We can’t afford such weak dissent today. The Bush administration is perpetrating horrors in the Middle East, and not to say so is to make oneself complicit. Iraq is engulfed in a civil war. People may quibble over definitions, but the level of violence in Baghdad and other parts of the country have all the signs of a civil war. Iraqis and Americans die every day. The country is a mess, thanks to “conservatives” who think they can construct a society from blueprints drawn up in Washington. Even if one is not convinced that Iraq is in civil war, is it really more comforting to think that the United States is merely trying to prevent one? This is a distinction without a difference.
As we’ve seen, all the U.S.-inspired bloodshed in Iraq has done nothing to discourage terrorism. Quite the contrary. The occupation of Iraq is a recruiting program and training ground for those who wish to wreak vengeance on America. The Bush administration has betrayed the American people by endangering them. Yet it insists it is keeping them safe. This truly adds insult to injury.
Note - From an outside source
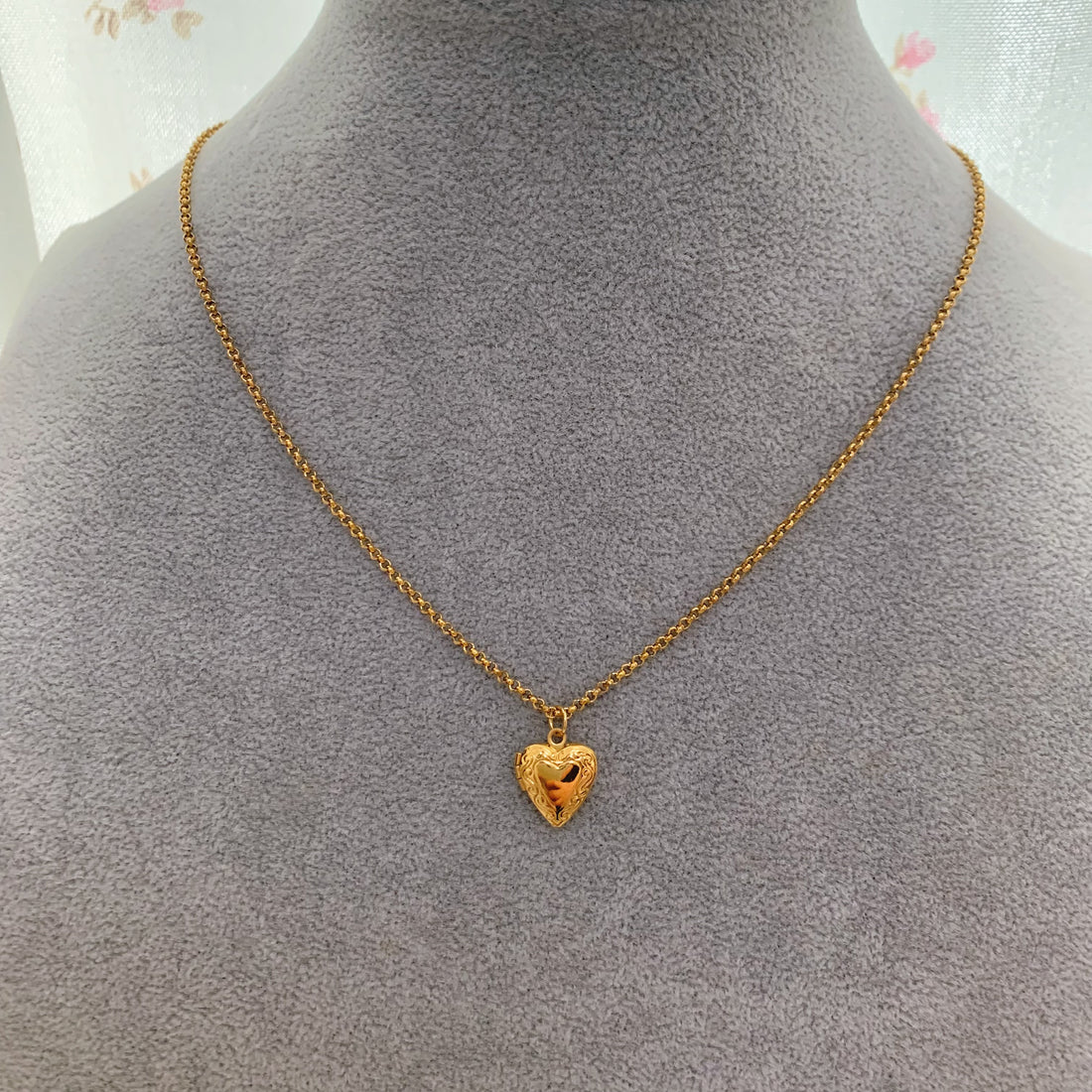 Heart Mini Initial Locket Necklace - camillaboutiqueshop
Meanwhile, the administration’s Iraq policy has strengthened Iran, which is now presented as the new grave threat to American security. Iraq used to be a counterweight to Iran, but no more because Iran’s Shi’ite allies run Iraq. Perhaps Americans do not know that the United States gave the Iranians a brutal dictator in 1953, but the Iranians haven’t forgotten.
As if it had not created enough danger, the administration then made itself a party to Israel’s unconscionable attack on the Lebanese and the very foundation of their fragile society. (Hezbollah’s clash with Israeli soldiers cannot justify what Israel did.) The administration undoubtedly signaled its approval of Israel’s intentions and then sealed that approval with an expedited shipment of precision bombs, all the while stalling the ceasefire that would have saved many innocent lives.
Are we to believe that the young witnesses to that atrocity won’t grow up seeking revenge against Israelis and Americans? Is this President Bush’s idea of how to keep the American people safe? And if that revenge is visited on innocents, will American politicians again explain that they hate us because we are free?
If so, most Americans will believe it because they do not let themselves grasp the nature and implications of the U.S. government’s imperial policies. That is why we need a polarizing politics. Opponents of war and occupation must clearly point out the evil of current policies so that Americans will be confronted — in gory detail — with what “their” government does to others and to our own. Anything less is acquiescence.